I’ve got four published books – two poetry collections with Carcanet Press (Leaf Graffiti 2013 and Tripping Over Clouds 2019), one poetry collection with Guillemot Press (one step sideways and 13 down 2021) and a ‘hybrid’ work of travel writing with Knives Forks and Spoons Press (Through the Weather Glass 2016).
I’m also a fine art / landscape photographer with a strong emerging profile – I’m currently in the process of designing a new writing & photography website which will include a more extended photography portfolio than is available here. In the meantime you can also see recent examples of my work on my project website www.scree.uk.
I was appointed Director of StAnza, the longstanding annual international poetry festival in St Andrews, on 1st April 2021. During my tenure I aim to both provide a forum for extending poetry – for it to be seen as a key intervention in its practice – plus to help more people ‘get poetry’ through innovations like the Poetry Gallery (watch this space!) I have also received Arts Council and Lake District National Park Authority funding to develop a major project called Scree: A Digital Guidebook to the Lake District Fells over the course of 2021 and 2022. This project takes an innovative approach to guidebook writing: its participative route experiments are less interested in scenery or peak-bagging, and instead work as artistic provocations which aim to challenge how we approach this landscape entirely.
Prior to turning freelance, I worked as a University lecturer in Creative Writing at the Universities of Salford, Strathclyde, Leeds Beckett and Cumbria. During this time, my research specialised in the relationship betewen literature and the environment, with a specific focus on the relationship between writing and climate change.
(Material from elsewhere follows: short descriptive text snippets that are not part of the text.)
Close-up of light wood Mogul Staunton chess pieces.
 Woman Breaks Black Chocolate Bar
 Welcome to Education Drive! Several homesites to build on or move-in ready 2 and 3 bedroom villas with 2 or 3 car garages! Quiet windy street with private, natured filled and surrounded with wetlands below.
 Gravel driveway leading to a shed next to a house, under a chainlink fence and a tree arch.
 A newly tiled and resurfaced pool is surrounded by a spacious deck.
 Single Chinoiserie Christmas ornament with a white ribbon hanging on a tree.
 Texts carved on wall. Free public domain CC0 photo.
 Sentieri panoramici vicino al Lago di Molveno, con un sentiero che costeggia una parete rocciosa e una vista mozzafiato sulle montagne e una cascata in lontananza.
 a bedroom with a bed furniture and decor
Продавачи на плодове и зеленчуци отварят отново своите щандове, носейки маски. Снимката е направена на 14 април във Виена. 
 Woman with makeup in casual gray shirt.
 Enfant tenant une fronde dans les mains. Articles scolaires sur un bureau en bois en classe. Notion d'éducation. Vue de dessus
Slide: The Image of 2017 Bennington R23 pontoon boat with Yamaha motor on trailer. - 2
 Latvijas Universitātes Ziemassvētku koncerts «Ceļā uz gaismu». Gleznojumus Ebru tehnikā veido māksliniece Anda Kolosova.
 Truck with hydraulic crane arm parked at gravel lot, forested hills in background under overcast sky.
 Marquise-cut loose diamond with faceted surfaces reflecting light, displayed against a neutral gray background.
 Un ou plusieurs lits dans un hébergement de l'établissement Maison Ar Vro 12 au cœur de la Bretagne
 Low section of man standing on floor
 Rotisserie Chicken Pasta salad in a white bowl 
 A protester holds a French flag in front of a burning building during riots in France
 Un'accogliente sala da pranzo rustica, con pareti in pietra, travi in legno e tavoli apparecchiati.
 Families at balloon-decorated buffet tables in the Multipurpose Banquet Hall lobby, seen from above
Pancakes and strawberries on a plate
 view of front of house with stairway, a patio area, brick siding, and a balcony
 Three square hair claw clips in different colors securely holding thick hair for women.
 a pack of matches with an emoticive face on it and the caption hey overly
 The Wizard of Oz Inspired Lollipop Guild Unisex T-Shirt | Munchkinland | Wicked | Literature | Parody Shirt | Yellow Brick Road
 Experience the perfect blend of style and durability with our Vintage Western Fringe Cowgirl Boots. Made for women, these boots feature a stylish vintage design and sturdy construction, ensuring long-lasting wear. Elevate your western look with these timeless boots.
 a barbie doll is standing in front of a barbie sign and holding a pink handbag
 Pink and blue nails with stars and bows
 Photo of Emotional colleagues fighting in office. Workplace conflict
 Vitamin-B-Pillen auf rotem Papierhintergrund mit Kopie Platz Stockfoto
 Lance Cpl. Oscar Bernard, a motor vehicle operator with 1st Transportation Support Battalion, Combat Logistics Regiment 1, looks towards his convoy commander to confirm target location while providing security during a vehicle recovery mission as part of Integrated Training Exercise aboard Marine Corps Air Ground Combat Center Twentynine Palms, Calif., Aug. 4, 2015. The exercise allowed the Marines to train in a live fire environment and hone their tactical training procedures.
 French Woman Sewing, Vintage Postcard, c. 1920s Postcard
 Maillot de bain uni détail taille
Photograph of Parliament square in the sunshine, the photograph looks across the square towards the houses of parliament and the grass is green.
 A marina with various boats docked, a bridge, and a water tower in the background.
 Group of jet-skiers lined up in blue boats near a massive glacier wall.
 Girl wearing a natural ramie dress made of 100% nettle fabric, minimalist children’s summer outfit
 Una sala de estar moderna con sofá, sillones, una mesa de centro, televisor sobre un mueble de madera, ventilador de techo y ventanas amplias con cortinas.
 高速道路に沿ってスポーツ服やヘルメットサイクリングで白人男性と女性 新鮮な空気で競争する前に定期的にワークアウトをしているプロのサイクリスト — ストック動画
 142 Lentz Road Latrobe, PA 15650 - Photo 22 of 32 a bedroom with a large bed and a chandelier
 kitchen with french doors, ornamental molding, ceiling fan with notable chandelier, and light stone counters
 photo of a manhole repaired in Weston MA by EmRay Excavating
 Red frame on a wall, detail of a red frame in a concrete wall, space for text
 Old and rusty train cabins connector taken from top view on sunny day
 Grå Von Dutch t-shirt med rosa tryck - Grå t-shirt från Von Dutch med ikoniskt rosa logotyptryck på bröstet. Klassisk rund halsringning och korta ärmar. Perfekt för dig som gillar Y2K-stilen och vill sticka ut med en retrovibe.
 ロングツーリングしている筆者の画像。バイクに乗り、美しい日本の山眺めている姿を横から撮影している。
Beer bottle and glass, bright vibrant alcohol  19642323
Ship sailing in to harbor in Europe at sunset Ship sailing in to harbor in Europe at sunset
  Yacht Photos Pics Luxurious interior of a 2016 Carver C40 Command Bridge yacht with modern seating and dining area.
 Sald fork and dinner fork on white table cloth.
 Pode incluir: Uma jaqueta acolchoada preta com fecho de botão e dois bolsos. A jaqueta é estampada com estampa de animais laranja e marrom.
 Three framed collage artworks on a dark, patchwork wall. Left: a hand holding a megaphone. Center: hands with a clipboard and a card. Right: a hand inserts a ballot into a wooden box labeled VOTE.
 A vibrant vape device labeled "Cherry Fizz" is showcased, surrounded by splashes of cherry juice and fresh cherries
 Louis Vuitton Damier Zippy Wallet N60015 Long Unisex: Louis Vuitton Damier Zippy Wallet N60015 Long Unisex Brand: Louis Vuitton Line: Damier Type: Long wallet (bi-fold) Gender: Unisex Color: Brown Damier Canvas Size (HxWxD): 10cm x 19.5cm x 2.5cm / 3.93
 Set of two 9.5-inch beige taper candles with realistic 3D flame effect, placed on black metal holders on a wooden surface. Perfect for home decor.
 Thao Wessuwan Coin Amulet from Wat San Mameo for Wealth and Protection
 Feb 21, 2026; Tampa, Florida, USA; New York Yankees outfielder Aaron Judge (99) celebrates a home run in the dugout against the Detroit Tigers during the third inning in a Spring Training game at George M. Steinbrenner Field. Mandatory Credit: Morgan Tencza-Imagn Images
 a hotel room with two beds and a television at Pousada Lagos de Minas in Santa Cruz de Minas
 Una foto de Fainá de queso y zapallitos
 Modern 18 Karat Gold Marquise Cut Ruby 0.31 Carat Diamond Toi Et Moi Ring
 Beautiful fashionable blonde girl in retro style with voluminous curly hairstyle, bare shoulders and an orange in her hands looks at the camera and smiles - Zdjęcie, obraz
I continue to develop this research as it relates to my artistic practice, and to provide tutoring and mentoring for organisations such as Arvon and Dadafest. Before returning to academia, I worked as an environmental campaigner for Friends of the Earth and Ramblers Scotland, including playing a key role in the Scottish access legisation. I’m a qualified mountain leader, and have a small mountain guiding business which sits alongside my art, and I get out in the fells – running, hiking, making art or on my bike – at every opportunity.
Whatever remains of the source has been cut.